I first heard Fran & Flora on a BBC Morning After playlist (I think) some years ago. I liked it and thought I’d investigate further. I got really interested when I spotted that one of the tunes on their unfurl remix EP was mixed by Portico Quartet, the band I’ve seen more than any other. I made contact and we had a drawn out email conversation over many many months (as is often the case) before eventually finding a date that worked for us both.

As often happens I quickly flipped from a sense of  exhilaration that I’d managed to book a brilliant act, to one of panic.  Described as playing “modes and melodies of Klezmer, Transylvanian, Romanian, Greek and Armenian music, [with] deep dives into archival recordings and live electronics” would anyone else be as excited as me?!

Well I needn’t have worried. As so often recently the concert was sold out. Fran and Flora were a captivating pair, with big personalities, great stories (including life in a super cool Margate and bumping into artist, Tracey Emin) and their music was mesmerising.

We aren’t set up for their full range of electronic delights but after a first set of purely acoustic music, in the second half the loops and pedals were added. I loved both but each set had its fans.  Here are the set lists in full.

They were great company after the concern.

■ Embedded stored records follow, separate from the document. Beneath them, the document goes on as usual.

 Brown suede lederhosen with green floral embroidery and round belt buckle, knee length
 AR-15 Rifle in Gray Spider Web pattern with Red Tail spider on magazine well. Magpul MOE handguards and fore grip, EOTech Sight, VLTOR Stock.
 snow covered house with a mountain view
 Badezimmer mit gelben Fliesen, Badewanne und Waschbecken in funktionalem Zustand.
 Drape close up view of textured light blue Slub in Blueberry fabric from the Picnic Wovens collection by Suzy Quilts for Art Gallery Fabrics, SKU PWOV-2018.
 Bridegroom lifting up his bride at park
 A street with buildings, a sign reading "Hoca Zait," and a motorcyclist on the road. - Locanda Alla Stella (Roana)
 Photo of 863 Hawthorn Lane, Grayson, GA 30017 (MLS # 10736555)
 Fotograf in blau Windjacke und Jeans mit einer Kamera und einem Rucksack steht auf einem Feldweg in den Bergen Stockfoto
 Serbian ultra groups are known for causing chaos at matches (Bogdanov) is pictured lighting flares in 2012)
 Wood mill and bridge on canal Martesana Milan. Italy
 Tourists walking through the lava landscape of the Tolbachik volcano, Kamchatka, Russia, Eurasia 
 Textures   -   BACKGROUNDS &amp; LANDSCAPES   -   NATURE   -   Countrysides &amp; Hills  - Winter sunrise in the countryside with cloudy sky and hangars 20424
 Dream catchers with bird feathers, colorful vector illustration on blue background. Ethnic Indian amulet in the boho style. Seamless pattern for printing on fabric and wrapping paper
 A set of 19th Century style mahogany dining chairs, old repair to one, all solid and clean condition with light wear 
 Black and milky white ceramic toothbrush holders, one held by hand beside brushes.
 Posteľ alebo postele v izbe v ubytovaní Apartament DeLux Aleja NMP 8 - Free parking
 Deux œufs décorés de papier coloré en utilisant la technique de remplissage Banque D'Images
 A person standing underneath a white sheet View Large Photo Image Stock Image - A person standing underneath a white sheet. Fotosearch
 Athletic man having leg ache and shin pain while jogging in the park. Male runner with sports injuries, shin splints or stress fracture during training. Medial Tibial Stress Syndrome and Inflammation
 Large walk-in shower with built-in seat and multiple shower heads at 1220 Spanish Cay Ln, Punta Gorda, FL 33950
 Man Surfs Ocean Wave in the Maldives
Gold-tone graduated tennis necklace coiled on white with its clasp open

It turns out that Fran (full and brilliant name Francesca Ter-Berg) has played strings on a number of Portico Quartet albums, including their most recent, Monument. Have a listen here, Fran is quite prominent on several tracks. They stayed at the barn, and Simon persuaded them both to go and run Woolford Wood parkrun on Saturday morning.

More fabulous food from Steve. And I actually remembered to get a photo before it was all consumed.

All in all another great night and some more lovely musicians to join our Ryepiece extended family.

Salt House

March 31st, 2023

Recorded, the music of Salt House is calm, mellow and relaxing. That sounds like faint praise but it’s not meant to be. Once you’ve heard them live a better, single word to describe their rich, balanced sound is healing. Simon even suggested they should be available on the NHS after their first 40 minute set on Friday.

Photo by Liz Redmayne. Taken after her inappropriate question about Blackpool Pleasure Beach.

Ewan MacPherson, Jenny Sturgeon and Lauren MacColl all write and arrange their beautiful songs and tunes, sometimes taking inspiration from the writings of Nan Shepherd, Thomas Campbell, Emily Dickinson or Danish folk stories, but always weaving them into wonderful arrangements that sound their own. All three members of the band are superb musicians but they are happy to let their own contributions join with the others to create a bigger whole. There is no ego in Salt House. All three introduce tunes and give just the right amount of background and origin story to help us all connect.

And extract of Fire Light from the 2020 album, Huam.

The blend of acoustic and lightly amplified instruments, with the three very different but perfectly matched voices created a lovely intimate sound which had the sell out crowd enraptured from the start of the first set to the end of the second.

CDs flew off the piano during the interval and at the end of the concert as so many people wanted to take a little bit of Salt House home with them.

The sets covered the whole Salt House career with a clutch of songs after the interval, from their latest album Riverwoods. Inspired by the project to replant the banks of Scottish Rivers to encourage the return of wild salmon, Headwater is featured in the Channel 5 documentary about the project, which you can still watch on catch up here.

We took our now traditional band photo in the kitchen with the hats before waving goodbye to them all as they headed back to their temporary base in Matlock before Saturday night’s concert in Belper.

This one is going to live long in the memories and the hearts of all those who were lucky enough to share it.